What you need to do >> Wherever a line of the records contains "ємом", copy that line.

··· Task input ···

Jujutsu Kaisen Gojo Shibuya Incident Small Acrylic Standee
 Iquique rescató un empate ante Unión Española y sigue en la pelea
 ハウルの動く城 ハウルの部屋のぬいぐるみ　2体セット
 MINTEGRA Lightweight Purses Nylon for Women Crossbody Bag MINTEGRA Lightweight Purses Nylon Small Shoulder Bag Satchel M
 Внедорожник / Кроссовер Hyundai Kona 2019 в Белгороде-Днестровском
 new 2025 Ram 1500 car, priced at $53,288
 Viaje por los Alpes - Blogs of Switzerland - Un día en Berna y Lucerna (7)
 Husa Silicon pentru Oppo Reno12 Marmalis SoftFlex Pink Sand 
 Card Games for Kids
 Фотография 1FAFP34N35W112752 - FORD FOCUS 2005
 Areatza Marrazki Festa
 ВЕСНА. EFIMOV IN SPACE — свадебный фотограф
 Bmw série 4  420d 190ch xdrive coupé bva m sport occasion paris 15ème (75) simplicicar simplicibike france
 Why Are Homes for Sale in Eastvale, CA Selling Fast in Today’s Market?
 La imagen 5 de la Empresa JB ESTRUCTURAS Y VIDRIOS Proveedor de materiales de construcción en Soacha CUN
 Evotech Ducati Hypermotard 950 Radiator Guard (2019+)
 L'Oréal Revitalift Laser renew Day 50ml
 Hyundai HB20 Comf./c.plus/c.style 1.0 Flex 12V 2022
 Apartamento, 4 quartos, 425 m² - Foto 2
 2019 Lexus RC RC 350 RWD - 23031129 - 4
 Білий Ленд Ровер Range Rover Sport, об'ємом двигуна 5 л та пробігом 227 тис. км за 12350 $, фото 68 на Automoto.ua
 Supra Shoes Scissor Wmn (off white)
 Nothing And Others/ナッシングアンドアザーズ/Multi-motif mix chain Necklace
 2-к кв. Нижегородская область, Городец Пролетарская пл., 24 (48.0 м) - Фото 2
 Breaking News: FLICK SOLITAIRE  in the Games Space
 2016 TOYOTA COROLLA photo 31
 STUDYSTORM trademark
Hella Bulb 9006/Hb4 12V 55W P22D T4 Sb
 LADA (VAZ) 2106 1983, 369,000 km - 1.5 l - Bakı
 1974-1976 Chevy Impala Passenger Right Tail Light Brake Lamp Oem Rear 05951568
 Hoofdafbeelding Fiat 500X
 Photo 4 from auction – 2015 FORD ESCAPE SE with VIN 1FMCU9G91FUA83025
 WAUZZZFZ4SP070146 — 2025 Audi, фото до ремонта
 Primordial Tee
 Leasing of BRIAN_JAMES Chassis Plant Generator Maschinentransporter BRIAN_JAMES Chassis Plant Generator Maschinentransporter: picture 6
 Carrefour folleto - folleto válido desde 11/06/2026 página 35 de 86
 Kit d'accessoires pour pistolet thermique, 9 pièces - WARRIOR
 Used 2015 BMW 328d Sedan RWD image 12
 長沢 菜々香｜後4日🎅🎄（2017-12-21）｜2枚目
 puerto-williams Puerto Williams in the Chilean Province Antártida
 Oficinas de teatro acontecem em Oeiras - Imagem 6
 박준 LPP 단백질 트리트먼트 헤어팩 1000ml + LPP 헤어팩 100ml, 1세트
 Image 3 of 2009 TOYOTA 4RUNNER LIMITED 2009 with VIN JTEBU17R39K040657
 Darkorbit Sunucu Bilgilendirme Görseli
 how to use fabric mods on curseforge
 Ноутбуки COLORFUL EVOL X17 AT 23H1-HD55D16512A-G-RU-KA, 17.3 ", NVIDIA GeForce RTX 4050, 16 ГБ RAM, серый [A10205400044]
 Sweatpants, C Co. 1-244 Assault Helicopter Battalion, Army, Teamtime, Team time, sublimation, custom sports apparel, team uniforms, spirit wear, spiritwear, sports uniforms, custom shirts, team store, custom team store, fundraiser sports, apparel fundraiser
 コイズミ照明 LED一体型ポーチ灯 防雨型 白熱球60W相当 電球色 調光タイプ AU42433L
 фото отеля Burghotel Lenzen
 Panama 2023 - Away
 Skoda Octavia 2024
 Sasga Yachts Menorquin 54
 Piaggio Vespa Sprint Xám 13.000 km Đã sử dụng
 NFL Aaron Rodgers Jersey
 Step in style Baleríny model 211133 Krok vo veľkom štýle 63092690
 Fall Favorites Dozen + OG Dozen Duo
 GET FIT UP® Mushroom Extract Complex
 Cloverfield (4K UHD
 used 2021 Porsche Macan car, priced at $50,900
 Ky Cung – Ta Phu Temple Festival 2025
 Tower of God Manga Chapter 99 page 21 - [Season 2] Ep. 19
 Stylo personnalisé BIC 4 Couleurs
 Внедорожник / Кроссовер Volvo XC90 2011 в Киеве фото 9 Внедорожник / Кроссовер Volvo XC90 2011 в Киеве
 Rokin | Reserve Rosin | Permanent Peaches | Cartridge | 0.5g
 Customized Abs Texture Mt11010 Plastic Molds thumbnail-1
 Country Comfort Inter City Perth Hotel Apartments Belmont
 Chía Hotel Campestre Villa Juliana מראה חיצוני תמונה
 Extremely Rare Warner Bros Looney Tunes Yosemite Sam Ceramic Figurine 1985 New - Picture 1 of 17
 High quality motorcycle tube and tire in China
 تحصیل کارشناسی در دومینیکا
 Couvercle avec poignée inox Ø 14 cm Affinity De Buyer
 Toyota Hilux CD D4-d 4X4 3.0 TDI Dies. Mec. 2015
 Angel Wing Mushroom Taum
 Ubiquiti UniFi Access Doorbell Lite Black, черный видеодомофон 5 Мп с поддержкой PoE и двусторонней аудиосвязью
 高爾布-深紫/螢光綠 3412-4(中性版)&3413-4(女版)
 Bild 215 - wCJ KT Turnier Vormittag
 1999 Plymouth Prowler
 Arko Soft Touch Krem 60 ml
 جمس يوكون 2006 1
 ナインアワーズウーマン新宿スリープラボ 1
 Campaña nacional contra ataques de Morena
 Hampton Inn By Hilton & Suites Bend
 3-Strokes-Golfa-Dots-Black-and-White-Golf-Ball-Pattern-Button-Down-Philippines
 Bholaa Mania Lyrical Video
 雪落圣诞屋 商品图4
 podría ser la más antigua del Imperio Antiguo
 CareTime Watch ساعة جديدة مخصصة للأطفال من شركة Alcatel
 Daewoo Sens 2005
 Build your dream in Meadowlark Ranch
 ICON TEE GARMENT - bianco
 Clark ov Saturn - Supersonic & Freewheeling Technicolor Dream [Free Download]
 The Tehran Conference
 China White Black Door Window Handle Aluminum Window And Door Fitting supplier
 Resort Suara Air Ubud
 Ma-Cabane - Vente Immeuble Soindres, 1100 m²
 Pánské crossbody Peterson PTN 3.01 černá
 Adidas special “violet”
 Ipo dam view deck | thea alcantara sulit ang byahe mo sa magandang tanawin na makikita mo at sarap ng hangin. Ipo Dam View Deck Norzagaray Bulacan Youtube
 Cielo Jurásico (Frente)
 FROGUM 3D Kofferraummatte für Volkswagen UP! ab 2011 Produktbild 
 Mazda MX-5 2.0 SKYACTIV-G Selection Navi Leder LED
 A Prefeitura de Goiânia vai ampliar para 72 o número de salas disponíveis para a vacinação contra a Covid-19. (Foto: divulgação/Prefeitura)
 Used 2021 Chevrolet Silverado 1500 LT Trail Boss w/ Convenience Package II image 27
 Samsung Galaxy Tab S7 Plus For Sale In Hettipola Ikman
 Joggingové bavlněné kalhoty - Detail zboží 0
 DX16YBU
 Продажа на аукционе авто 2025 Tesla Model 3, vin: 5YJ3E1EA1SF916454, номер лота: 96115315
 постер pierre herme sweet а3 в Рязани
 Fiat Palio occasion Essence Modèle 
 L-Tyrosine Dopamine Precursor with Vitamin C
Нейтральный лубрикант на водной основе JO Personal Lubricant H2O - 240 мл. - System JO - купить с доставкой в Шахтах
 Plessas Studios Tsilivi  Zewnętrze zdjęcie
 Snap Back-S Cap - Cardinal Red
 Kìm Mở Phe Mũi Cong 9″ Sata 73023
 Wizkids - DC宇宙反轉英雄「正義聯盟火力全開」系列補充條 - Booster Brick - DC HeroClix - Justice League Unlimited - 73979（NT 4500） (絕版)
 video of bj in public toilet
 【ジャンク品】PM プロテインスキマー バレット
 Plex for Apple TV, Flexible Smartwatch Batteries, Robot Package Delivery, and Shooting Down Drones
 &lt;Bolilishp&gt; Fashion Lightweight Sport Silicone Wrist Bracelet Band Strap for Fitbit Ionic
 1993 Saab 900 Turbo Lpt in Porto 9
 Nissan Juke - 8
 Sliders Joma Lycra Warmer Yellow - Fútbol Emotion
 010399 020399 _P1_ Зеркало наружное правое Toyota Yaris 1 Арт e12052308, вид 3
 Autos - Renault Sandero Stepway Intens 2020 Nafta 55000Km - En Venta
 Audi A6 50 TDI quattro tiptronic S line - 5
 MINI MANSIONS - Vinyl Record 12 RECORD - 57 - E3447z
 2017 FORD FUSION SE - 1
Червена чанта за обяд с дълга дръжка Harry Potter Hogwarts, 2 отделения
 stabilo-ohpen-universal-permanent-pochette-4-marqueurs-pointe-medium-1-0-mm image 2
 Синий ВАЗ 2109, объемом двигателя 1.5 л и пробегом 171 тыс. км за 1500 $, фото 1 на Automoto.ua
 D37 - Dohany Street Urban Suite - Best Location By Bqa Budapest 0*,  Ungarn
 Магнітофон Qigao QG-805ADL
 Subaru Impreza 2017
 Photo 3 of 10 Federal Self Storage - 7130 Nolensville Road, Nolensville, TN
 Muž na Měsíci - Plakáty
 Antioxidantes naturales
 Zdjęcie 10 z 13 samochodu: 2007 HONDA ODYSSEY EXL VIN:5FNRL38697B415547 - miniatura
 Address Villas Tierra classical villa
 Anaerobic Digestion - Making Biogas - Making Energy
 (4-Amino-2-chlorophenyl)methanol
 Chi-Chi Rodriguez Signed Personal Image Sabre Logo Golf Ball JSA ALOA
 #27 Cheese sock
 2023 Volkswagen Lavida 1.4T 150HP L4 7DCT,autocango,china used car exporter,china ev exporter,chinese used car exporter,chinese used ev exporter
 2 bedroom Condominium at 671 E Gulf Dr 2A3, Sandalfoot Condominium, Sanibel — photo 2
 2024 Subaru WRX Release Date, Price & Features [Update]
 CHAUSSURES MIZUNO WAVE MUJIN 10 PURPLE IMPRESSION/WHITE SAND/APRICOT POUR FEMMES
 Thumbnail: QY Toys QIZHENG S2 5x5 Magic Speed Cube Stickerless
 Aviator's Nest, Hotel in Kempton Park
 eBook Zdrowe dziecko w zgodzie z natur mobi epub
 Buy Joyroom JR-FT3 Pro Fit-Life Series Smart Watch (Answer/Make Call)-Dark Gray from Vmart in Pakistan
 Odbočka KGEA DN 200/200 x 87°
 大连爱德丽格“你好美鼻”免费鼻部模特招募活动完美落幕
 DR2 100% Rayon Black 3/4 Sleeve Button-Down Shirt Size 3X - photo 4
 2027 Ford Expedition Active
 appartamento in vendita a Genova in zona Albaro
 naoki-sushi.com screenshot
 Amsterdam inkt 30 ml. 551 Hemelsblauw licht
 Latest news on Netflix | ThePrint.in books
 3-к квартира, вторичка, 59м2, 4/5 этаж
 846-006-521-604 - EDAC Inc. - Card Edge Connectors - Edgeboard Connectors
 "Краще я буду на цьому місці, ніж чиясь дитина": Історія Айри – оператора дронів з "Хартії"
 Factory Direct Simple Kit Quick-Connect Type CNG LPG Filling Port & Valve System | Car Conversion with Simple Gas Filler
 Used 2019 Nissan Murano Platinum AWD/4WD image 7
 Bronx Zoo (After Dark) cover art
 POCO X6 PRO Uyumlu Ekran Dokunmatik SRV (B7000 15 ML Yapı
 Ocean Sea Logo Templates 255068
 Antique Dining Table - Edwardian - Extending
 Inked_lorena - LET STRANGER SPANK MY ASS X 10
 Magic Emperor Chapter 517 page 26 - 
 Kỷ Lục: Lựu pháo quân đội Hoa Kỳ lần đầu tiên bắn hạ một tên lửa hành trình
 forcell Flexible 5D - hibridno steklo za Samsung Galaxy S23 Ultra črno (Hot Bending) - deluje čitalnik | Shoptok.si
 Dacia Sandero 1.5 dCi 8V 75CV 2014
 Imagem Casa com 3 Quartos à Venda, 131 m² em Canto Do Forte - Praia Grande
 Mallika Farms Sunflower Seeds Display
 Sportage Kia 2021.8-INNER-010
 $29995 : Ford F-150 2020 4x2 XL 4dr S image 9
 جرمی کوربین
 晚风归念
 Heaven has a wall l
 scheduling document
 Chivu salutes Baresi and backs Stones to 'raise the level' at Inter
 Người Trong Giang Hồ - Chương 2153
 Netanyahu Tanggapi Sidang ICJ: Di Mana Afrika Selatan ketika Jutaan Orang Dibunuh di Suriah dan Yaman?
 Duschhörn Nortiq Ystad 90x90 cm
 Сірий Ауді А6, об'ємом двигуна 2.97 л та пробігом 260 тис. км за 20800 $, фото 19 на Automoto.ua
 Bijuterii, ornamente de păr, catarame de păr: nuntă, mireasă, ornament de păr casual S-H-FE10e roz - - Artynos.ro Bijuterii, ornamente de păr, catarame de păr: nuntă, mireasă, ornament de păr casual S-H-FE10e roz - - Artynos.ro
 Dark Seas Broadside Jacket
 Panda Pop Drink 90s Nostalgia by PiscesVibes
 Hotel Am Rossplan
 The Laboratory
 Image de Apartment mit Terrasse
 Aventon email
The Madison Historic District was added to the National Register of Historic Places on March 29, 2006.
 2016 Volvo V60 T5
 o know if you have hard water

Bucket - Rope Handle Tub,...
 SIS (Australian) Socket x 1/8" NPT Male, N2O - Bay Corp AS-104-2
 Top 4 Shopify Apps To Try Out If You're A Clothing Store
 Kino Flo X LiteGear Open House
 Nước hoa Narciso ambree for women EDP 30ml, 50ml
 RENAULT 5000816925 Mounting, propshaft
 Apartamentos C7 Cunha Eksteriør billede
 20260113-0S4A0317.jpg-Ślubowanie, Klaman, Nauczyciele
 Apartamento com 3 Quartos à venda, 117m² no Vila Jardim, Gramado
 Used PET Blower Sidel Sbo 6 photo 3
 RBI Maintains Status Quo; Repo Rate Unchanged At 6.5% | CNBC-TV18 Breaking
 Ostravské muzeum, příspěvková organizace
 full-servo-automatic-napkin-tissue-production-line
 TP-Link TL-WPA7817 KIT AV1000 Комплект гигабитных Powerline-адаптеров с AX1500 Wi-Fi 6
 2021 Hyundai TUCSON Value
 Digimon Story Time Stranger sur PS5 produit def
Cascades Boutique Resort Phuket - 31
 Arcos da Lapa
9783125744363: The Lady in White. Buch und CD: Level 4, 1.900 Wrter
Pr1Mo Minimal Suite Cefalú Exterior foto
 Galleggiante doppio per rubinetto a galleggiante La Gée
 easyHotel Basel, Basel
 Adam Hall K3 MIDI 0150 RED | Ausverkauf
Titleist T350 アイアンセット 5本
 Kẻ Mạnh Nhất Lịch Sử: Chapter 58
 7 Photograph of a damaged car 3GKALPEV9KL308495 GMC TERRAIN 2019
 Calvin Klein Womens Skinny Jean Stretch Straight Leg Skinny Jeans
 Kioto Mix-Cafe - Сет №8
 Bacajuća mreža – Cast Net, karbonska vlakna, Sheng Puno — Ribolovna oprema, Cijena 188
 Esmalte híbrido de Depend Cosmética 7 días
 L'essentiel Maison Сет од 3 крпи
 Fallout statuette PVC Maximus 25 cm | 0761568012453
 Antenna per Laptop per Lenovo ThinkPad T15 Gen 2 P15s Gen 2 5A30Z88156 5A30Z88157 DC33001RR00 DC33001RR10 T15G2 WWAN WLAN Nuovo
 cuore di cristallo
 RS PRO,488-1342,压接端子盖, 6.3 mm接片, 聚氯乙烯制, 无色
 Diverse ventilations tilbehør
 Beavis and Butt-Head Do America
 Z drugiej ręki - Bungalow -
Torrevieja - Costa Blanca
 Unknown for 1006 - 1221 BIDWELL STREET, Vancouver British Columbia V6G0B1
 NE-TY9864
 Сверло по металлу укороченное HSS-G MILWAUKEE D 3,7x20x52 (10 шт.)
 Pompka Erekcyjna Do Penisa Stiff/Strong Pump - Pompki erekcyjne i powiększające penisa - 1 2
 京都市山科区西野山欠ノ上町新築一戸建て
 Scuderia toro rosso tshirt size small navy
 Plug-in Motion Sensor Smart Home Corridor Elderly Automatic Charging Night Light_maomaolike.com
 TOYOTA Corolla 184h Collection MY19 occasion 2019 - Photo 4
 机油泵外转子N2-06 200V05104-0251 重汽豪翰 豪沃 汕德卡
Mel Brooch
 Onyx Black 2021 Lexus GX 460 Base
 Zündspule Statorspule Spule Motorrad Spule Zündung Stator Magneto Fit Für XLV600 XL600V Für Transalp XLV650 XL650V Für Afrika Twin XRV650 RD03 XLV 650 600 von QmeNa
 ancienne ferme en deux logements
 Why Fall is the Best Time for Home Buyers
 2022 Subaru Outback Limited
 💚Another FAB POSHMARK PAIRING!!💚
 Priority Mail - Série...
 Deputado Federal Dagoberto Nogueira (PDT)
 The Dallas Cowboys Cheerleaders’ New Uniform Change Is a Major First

···

Solution to this task >>
 Білий Ленд Ровер Range Rover Sport, об'ємом двигуна 5 л та пробігом 227 тис. км за 12350 $, фото 68 на Automoto.ua
 Сірий Ауді А6, об'ємом двигуна 2.97 л та пробігом 260 тис. км за 20800 $, фото 19 на Automoto.ua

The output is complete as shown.